I think my fundamental priority is to not drive myself nuts or let myself go crazy. To that end, I find it somewhat irrelevant as to how that's accomplished - sometimes, some ways will seem nicer than others, but I doubt more and more that it really has anything to do with those things being any inherently better than just smoking some pot or having a drink, I just do them less frequently and thus miss them.

I think a lot of people see that kind of stuff as bad because it prevents you from enjoying life and doing things. I would disagree with that. While it certainly prevents me from doing much with other people sometimes, I am pretty capable of doing a lot around the house. I've got lots of hobbies.

And as much as it never makes it into these blogs, there is lots of the unexpected and the good that happens here too.
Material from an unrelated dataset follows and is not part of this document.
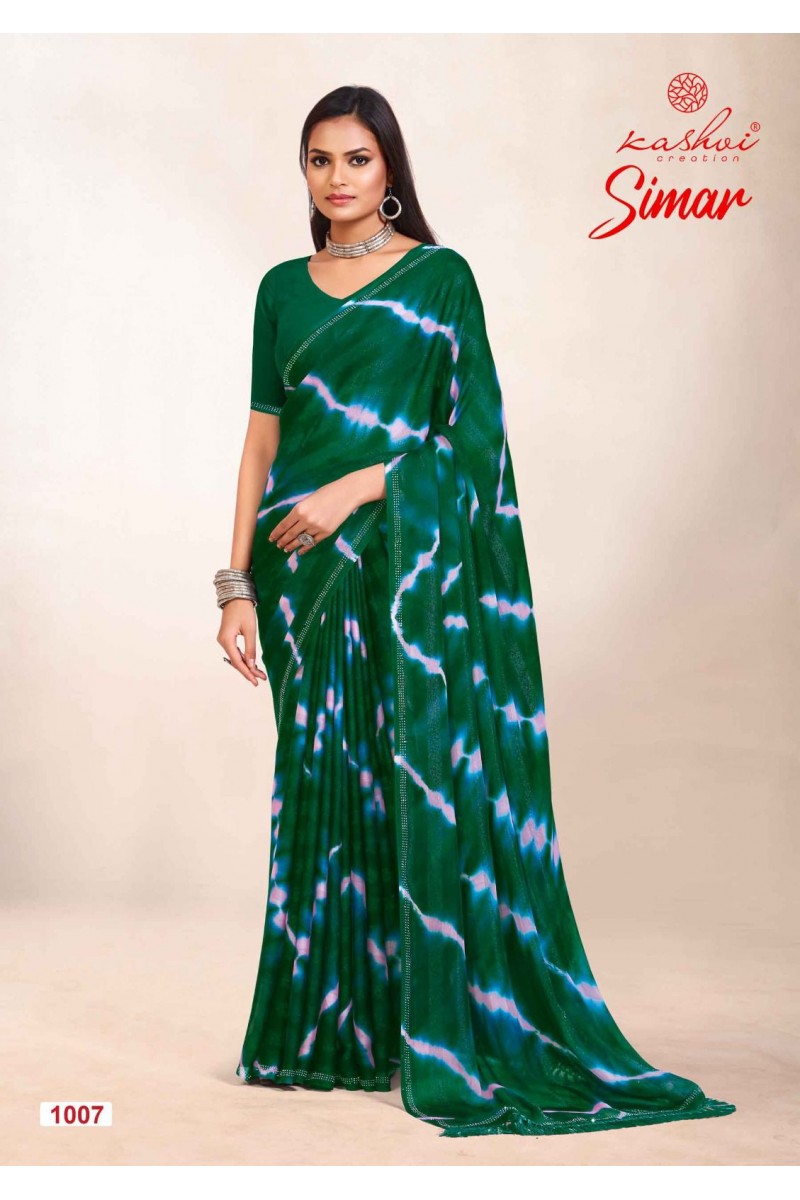 Kashvi Creation Simar-1007 Weaving Zari Designer Saree With Fancy Blouse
So yeah, kind of mixed feelings on that one.

I guess in the context of some of the more serious things you were talking about tonight, if it makes you feel any better, I can say this with certainty: I don't really ever have any idea what I really want, either.

C'est la vie, says Jerry Lee.

I'm pretty sure I made two new friends this week. Which is good, I know I pissed off some older ones a little bit. That's ok, one of the better things about people like them is that they have very short memories. Standup guys, even if we annoy eachother sometimes.

I keep seeing this reflection of someone standing behind me in my window out of the corner of my eye. It's just the shadow of my head working in concert with the window. Quite a good illusion, and I keep forgetting about it then startling myself.

You know what else I always forget about that blows my mind whenever I remember?

I have fish on this blog.

Anyway. This game is nearly done. By nearly, I mean I think I may go smoke a cigarette, put in the laundry, shower, smoke a bowl, finish the chapter of one of the cheaper pulp books I'm on, take a little nap because I feel pretty good, then fire it up.

Maybe once I close all these other webpages, shit will go faster too!


1 comment:

  1. Eyyy, this one has Ms. Sally Haze in it for sure. I knew there was a mention on here some place.